Problem description: The answer must reproduce all of the data below exactly and contain no images.
___ Data supplied
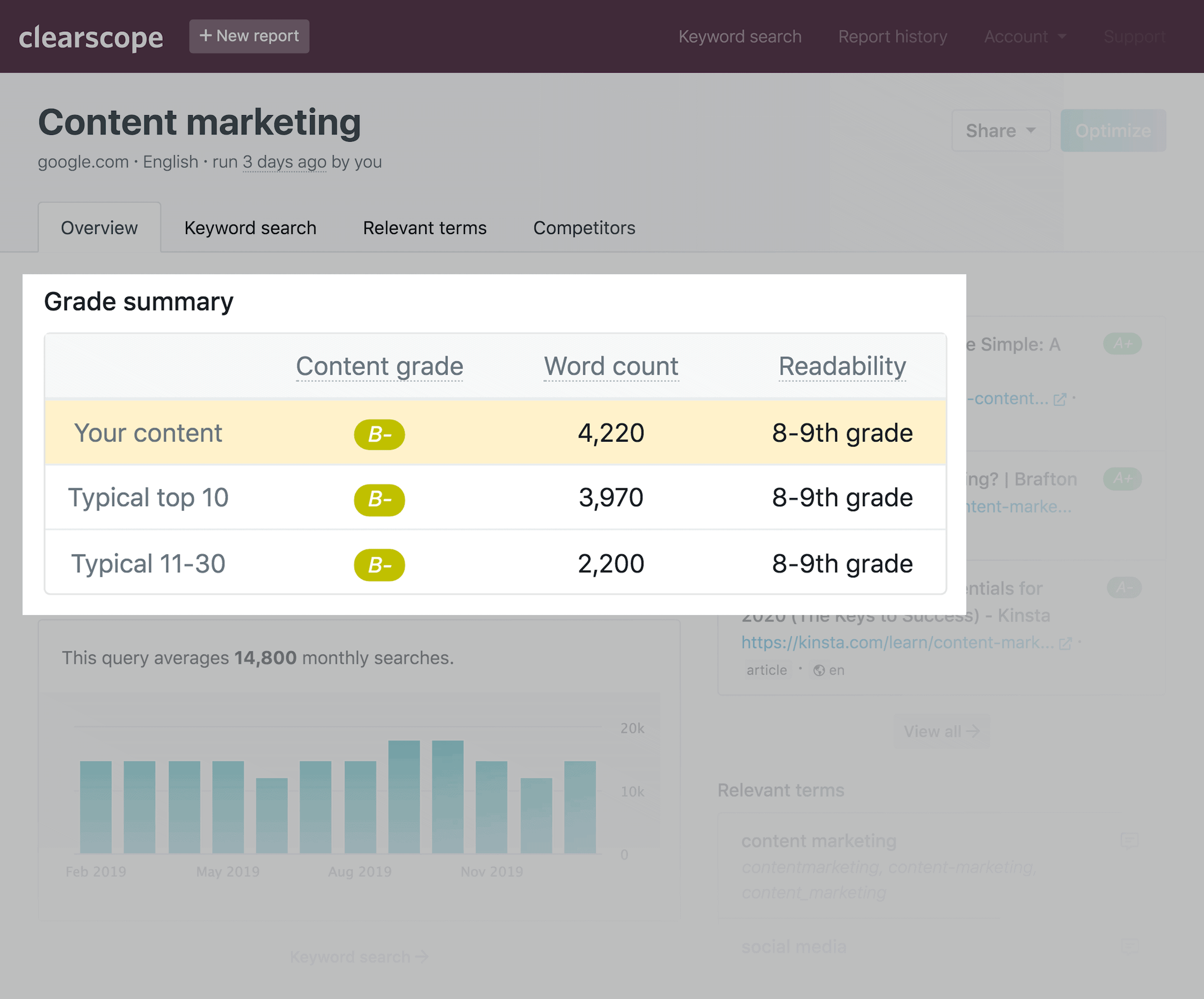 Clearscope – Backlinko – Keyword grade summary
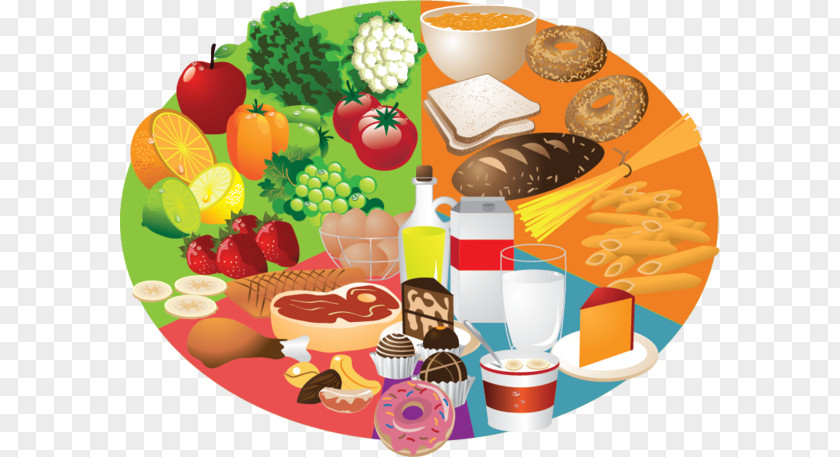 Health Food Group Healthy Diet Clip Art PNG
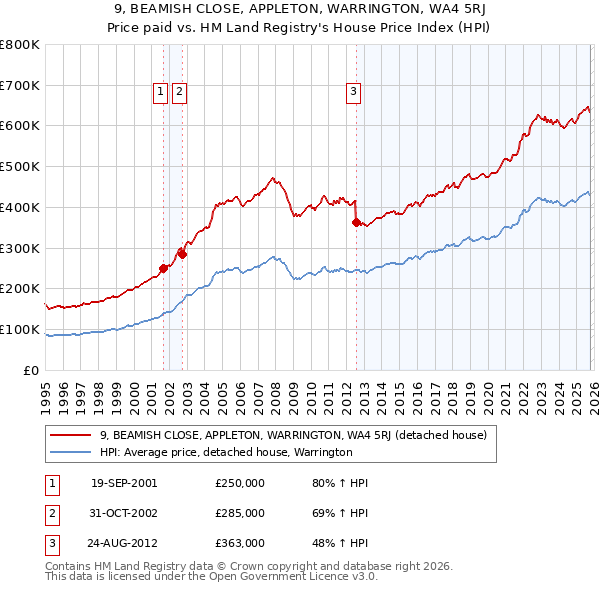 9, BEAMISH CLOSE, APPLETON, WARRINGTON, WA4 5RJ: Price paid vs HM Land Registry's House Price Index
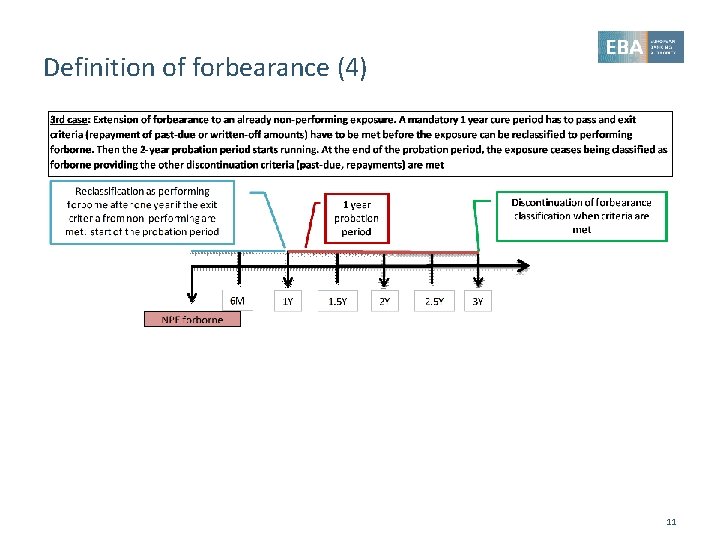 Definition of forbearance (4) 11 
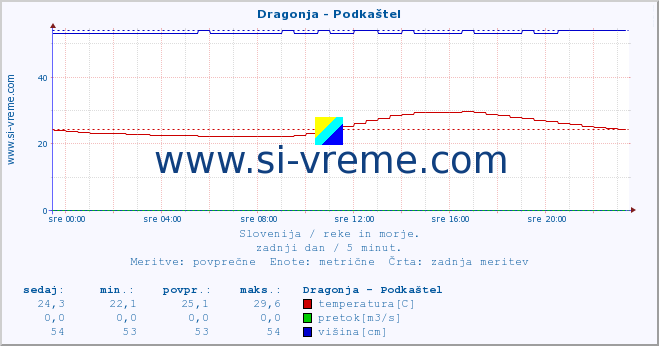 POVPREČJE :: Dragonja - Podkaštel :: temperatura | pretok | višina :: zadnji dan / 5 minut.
______
Solution:
 Clearscope – Backlinko – Keyword grade summary
 Health Food Group Healthy Diet Clip Art PNG
 9, BEAMISH CLOSE, APPLETON, WARRINGTON, WA4 5RJ: Price paid vs HM Land Registry's House Price Index
 Definition of forbearance (4) 11 
 POVPREČJE :: Dragonja - Podkaštel :: temperatura | pretok | višina :: zadnji dan / 5 minut.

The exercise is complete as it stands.